Teacher Encoder-Student Decoder Denoising Guided Segmentation Network for Anomaly Detection
This work addresses anomaly detection in visual data, an important problem for industrial inspection and security, but it is incremental as it builds on existing student-teacher frameworks.
The paper tackles visual anomaly detection by proposing PFADSeg, a model that integrates a teacher-encoder and student-decoder with denoising and multi-scale feature fusion, achieving state-of-the-art results on the MVTec AD dataset with an image-level AUC of 98.9%, pixel-level mean precision of 76.4%, and instance-level mean precision of 78.7%.

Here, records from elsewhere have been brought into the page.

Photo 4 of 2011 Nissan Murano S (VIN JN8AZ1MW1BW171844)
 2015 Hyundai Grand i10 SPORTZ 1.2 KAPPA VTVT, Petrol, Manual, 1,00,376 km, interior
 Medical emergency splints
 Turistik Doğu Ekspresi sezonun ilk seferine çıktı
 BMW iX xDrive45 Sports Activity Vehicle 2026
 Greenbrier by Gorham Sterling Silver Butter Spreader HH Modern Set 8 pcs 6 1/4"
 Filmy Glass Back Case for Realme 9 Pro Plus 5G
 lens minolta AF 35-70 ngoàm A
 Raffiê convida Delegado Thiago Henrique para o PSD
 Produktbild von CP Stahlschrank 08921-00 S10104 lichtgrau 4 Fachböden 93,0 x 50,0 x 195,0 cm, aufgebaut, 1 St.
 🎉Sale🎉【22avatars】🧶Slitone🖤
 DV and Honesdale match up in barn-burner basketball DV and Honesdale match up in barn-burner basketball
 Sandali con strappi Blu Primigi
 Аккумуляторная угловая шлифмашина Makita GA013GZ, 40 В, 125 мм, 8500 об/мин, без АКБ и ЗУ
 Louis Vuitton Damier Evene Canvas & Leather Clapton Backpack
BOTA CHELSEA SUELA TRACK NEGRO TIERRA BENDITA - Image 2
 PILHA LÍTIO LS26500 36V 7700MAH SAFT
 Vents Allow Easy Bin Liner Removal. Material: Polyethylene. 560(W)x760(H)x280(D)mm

Visual anomaly detection is a highly challenging task, often categorized as a one-class classification and segmentation problem. Recent studies have demonstrated that the student-teacher (S-T) framework effectively addresses this challenge. However, most S-T frameworks rely solely on pre-trained teacher networks to guide student networks in learning multi-scale similar features, overlooking the potential of the student networks to enhance learning through multi-scale feature fusion. In this study, we propose a novel model named PFADSeg, which integrates a pre-trained teacher network, a denoising student network with multi-scale feature fusion, and a guided anomaly segmentation network into a unified framework. By adopting a unique teacher-encoder and student-decoder denoising mode, the model improves the student network's ability to learn from teacher network features. Furthermore, an adaptive feature fusion mechanism is introduced to train a self-supervised segmentation network that synthesizes anomaly masks autonomously, significantly increasing detection performance. Evaluated on the MVTec AD dataset, PFADSeg achieves state-of-the-art results with an image-level AUC of 98.9%, a pixel-level mean precision of 76.4%, and an instance-level mean precision of 78.7%.